_Provided material_
##########

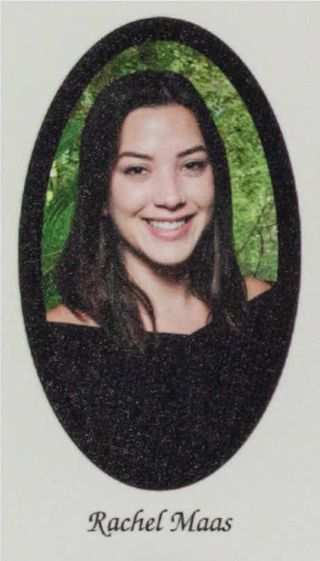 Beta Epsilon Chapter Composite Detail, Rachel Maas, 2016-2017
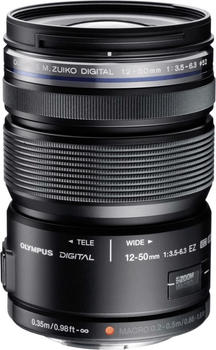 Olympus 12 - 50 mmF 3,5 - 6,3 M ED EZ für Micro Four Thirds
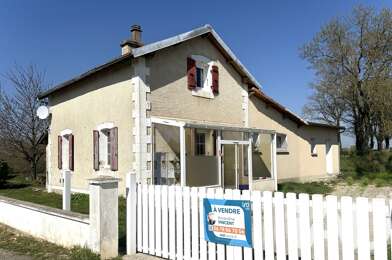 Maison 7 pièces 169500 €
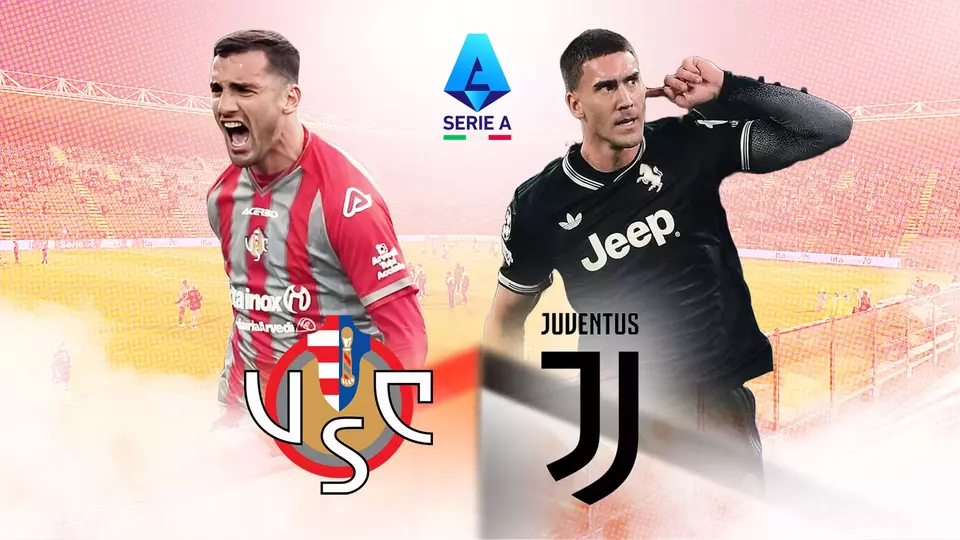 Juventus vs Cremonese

##########

_Instructions for the task_
The whole listing above should be restated word for word, minus any images.

_Task response_
 Beta Epsilon Chapter Composite Detail, Rachel Maas, 2016-2017
 Olympus 12 - 50 mmF 3,5 - 6,3 M ED EZ für Micro Four Thirds
 Maison 7 pièces 169500 €
 Juventus vs Cremonese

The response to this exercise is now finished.